Information:
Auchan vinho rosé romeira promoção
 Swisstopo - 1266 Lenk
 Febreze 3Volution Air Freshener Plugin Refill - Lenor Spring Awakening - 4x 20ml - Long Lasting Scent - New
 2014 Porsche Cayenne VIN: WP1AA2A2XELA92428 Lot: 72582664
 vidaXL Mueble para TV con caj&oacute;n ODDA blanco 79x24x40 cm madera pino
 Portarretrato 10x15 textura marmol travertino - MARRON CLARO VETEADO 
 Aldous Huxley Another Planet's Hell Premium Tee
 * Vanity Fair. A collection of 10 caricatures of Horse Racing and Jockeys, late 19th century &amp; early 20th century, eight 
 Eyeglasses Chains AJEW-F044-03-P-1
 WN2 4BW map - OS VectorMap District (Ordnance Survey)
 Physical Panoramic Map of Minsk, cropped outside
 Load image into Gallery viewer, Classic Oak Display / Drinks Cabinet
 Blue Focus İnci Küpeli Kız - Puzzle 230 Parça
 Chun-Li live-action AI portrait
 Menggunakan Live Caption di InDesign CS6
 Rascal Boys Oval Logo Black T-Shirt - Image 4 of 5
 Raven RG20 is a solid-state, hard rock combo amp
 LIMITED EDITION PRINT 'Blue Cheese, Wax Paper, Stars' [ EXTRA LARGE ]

Assignment: Quote every line from the beginning of the entries up to and including the line that contains "vidaXL Mueble para".

Solution to the problem:
Auchan vinho rosé romeira promoção
 Swisstopo - 1266 Lenk
 Febreze 3Volution Air Freshener Plugin Refill - Lenor Spring Awakening - 4x 20ml - Long Lasting Scent - New
 2014 Porsche Cayenne VIN: WP1AA2A2XELA92428 Lot: 72582664
 vidaXL Mueble para TV con caj&oacute;n ODDA blanco 79x24x40 cm madera pino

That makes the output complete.